_EXERCISE GOAL:_
Only the text belongs in the copy. Transcribe the data exactly and drop any pictures.

Data excerpts
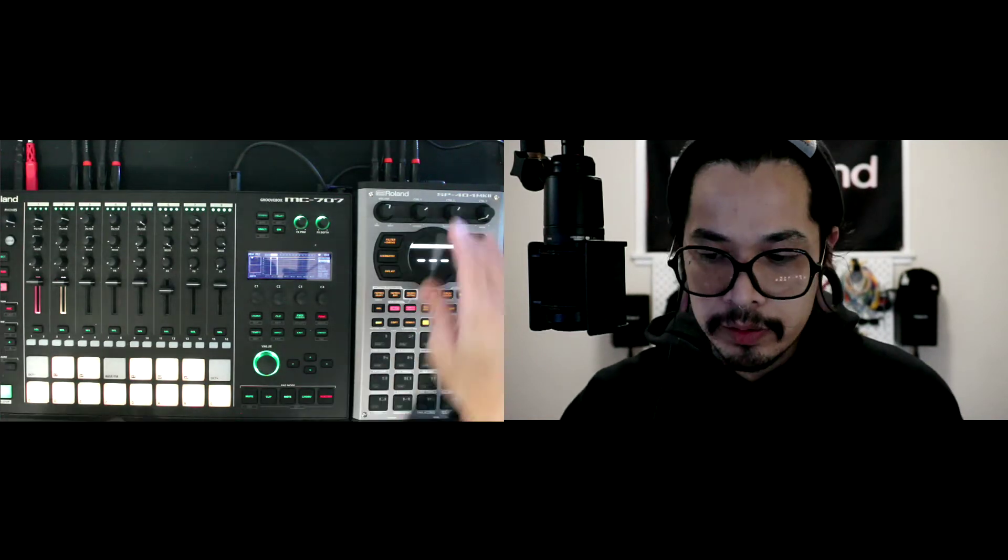This is how to connect the 404 Mark II to the MC-707. How I have it connected right now is the send and return going into the Mark II, so the send is going to the input and then the return is going to the output of the Mark II. I also have a MIDI out TRS to the MIDI in on the 707.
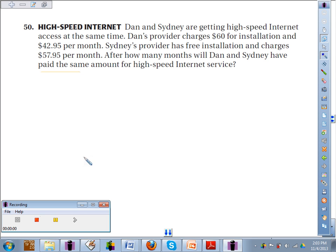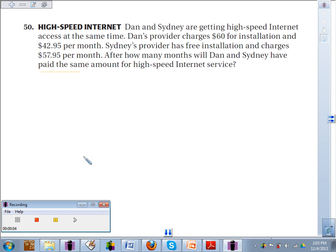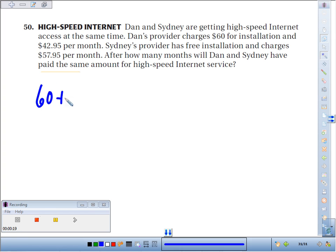Learning Target 344 asks us to apply solving equations with variables on both sides in a real-world application problem. Dan and Sydney are getting high-speed internet access at the same time. Dan's provider charges $60 for installation and $42.95 per month, so an expression for Dan's cost would be $60 plus $42.95 times M, the number of months.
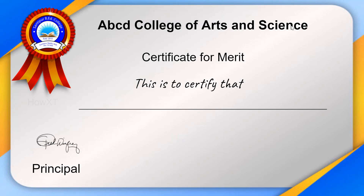Your students will be amazed, and they can also create certificates using this Google Slides option. If you love this video, please share it with your friends and subscribe to my channel. Thanks for watching, dear friends — have a great and good day!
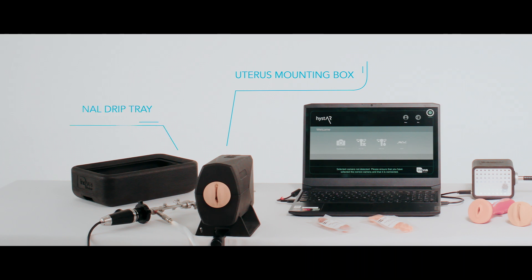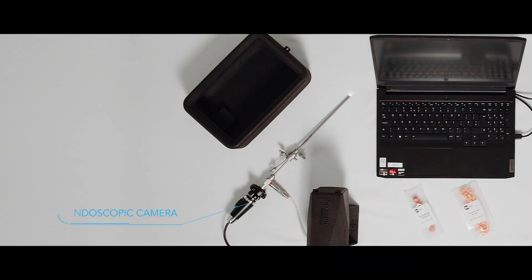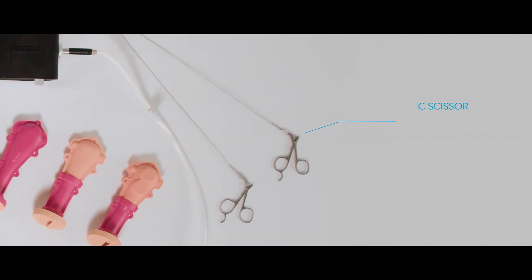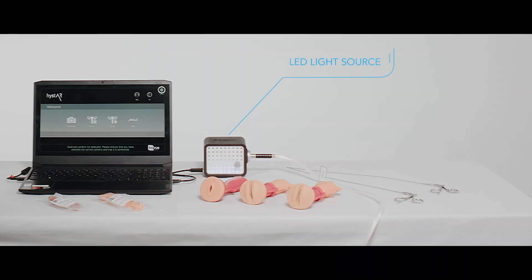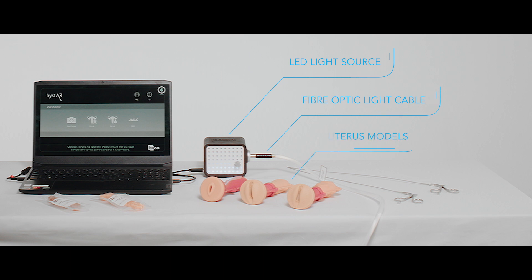With optional drip tray, the InnoVis endoscopic camera system, a hysteroscope, hysteroscopic scissors, biopsy forceps, the Bazzini LED light source, fiber optic light cable and your choice of pathological uterus models.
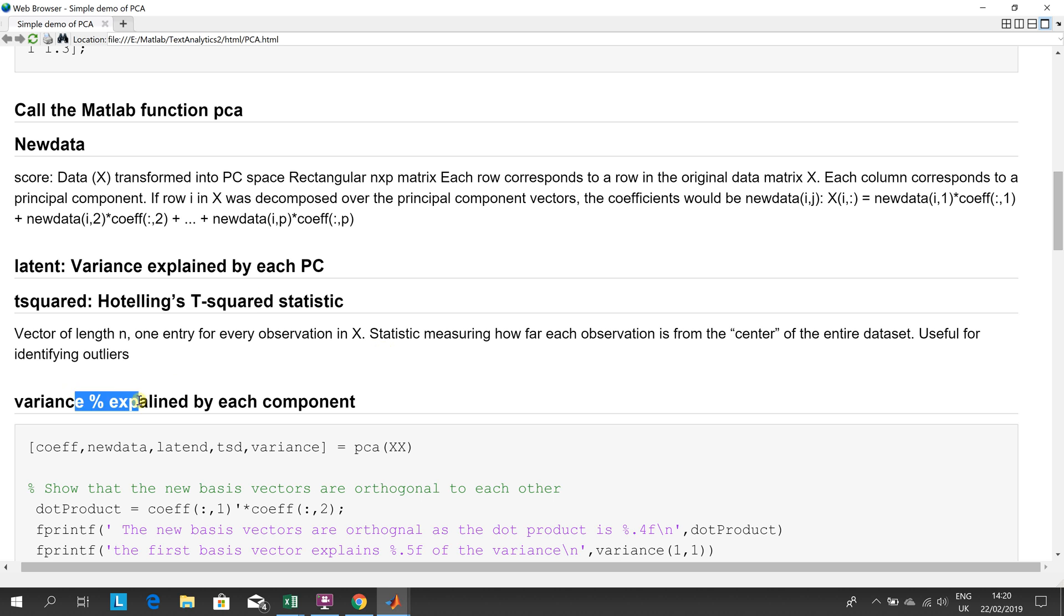And then the variance is the percentage explained by the first coefficient, the second coefficient, etc.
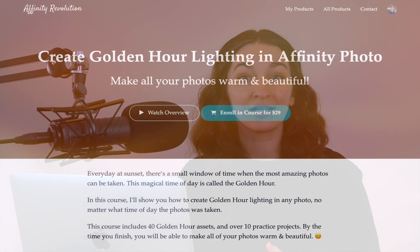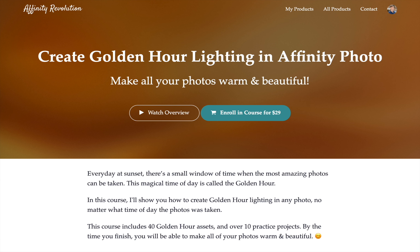Well, with the power of Affinity Photo, you can. That's why I'm excited to tell you all about my brand new course where we'll learn how to create golden hour lighting in Affinity Photo.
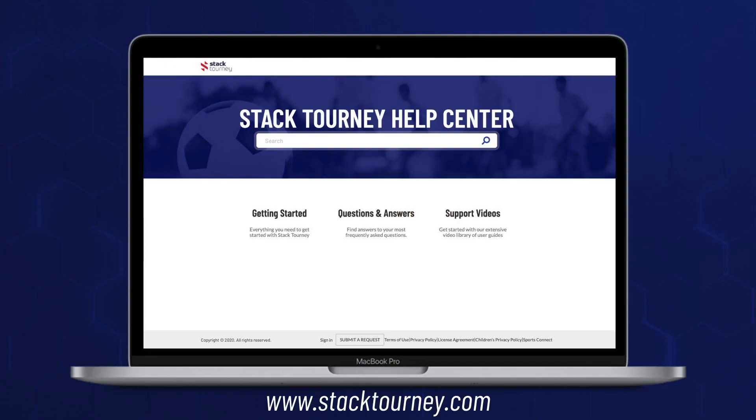Thanks for watching another Stack Tourney help video. As always, if you have any questions about using Stack Tourney, check out the other help videos or click the help and support button in your Stack Tourney dashboard and we'll be able to assist you.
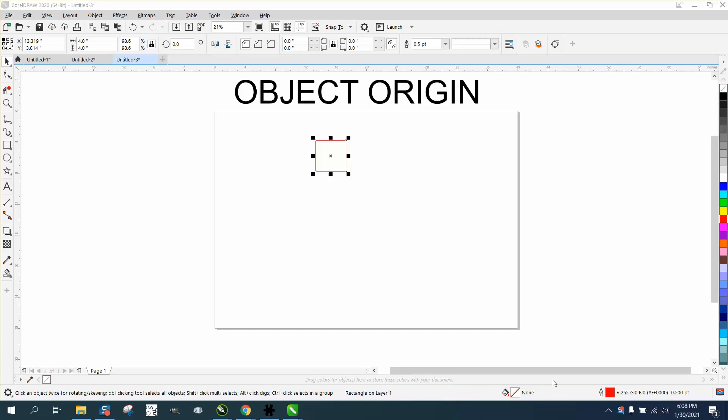Hi, it's me again with CorelDRAW tips and tricks. This video is about the object origin, which is right up here. You've got nine nodes and you can put it wherever you want.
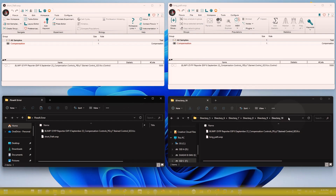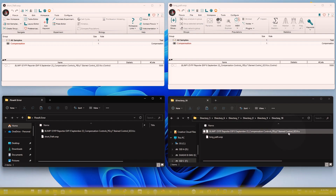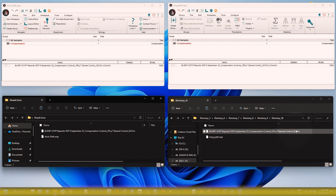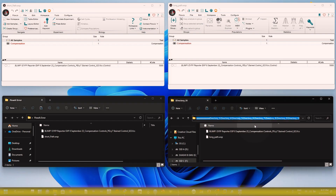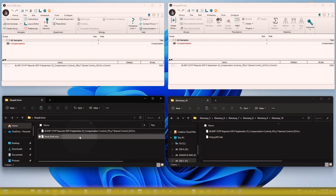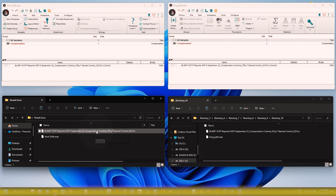So in the case of a long path — where you have saved your WSP file and FCS file in deeply nested subdirectories — this is where you will get the FlowAI error.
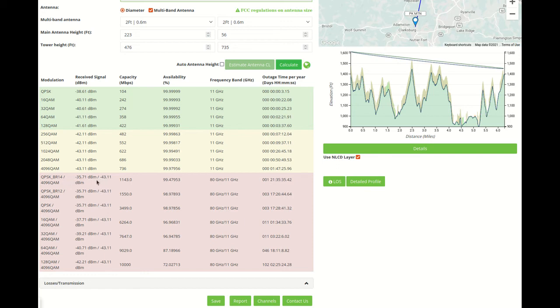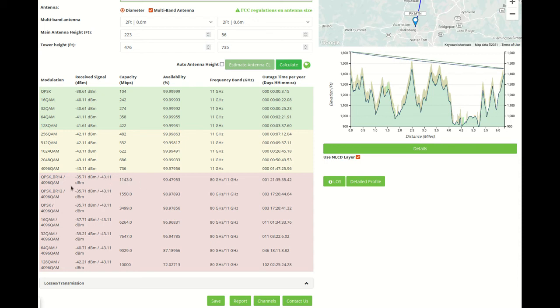We see here two separate Received Signals for each of E-band and Microwave. The capacity will be the combined capacity of, in this particular case, QPSK VR one-fourth for E-band and 4096 QAM for Microwave.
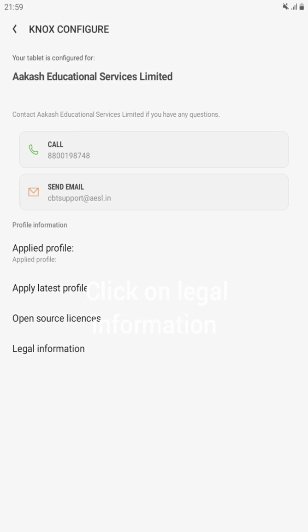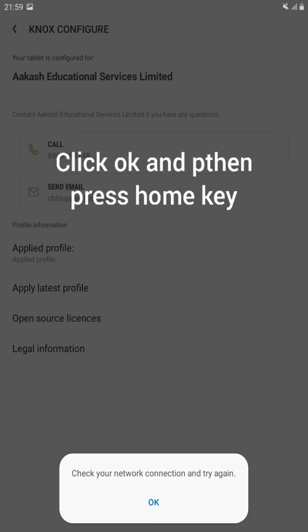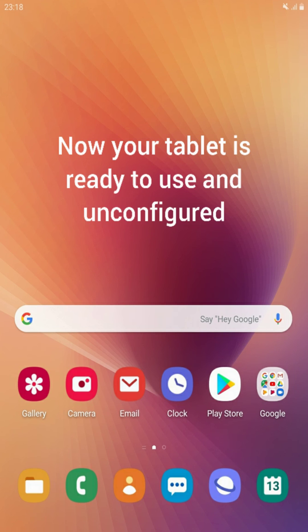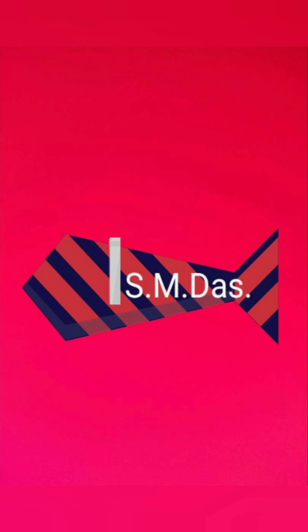After waiting a minute, an error will occur. If you turned off the internet on time, then only this error will come and you will be close to breaking the configuration. Now your tab is ready to use.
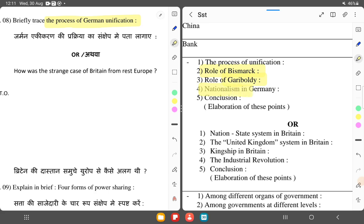Nationalism was central to Germany. German people shared a common language. The Customs Union was formed. Germany was previously very small fragmented states, and after German unification it became one Germany.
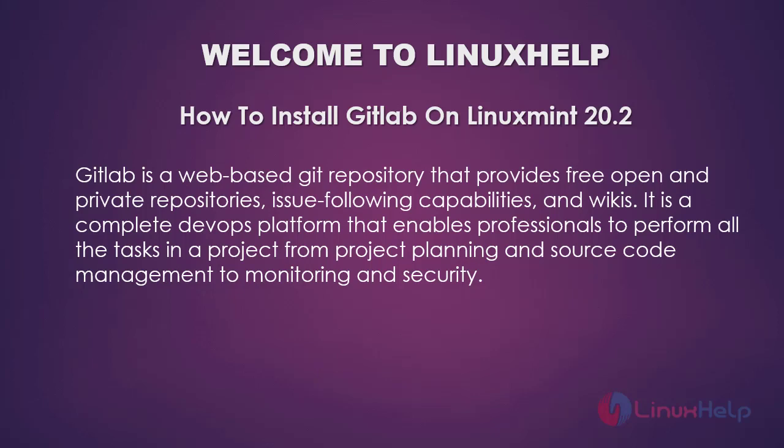Welcome to Linux Help. In this session, we are going to see how to install GitLab on Linux Mint 20.2.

_WRITTEN RESPONSE:_
This is how to connect the 404 Mark II to the MC-707. How I have it connected right now is the send and return going into the Mark II, so the send is going to the input and then the return is going to the output of the Mark II. I also have a MIDI out TRS to the MIDI in on the 707.
Learning Target 344 asks us to apply solving equations with variables on both sides in a real-world application problem. Dan and Sydney are getting high-speed internet access at the same time. Dan's provider charges $60 for installation and $42.95 per month, so an expression for Dan's cost would be $60 plus $42.95 times M, the number of months.
Your students will be amazed, and they can also create certificates using this Google Slides option. If you love this video, please share it with your friends and subscribe to my channel. Thanks for watching, dear friends — have a great and good day!
With optional drip tray, the InnoVis endoscopic camera system, a hysteroscope, hysteroscopic scissors, biopsy forceps, the Bazzini LED light source, fiber optic light cable and your choice of pathological uterus models.
And then the variance is the percentage explained by the first coefficient, the second coefficient, etc.
Well, with the power of Affinity Photo, you can. That's why I'm excited to tell you all about my brand new course where we'll learn how to create golden hour lighting in Affinity Photo.
Thanks for watching another Stack Tourney help video. As always, if you have any questions about using Stack Tourney, check out the other help videos or click the help and support button in your Stack Tourney dashboard and we'll be able to assist you.
Hi, it's me again with CorelDRAW tips and tricks. This video is about the object origin, which is right up here. You've got nine nodes and you can put it wherever you want.
So in the case of a long path — where you have saved your WSP file and FCS file in deeply nested subdirectories — this is where you will get the FlowAI error.
We see here two separate Received Signals for each of E-band and Microwave. The capacity will be the combined capacity of, in this particular case, QPSK VR one-fourth for E-band and 4096 QAM for Microwave.
After waiting a minute, an error will occur. If you turned off the internet on time, then only this error will come and you will be close to breaking the configuration. Now your tab is ready to use.
Nationalism was central to Germany. German people shared a common language. The Customs Union was formed. Germany was previously very small fragmented states, and after German unification it became one Germany.
Welcome to Linux Help. In this session, we are going to see how to install GitLab on Linux Mint 20.2.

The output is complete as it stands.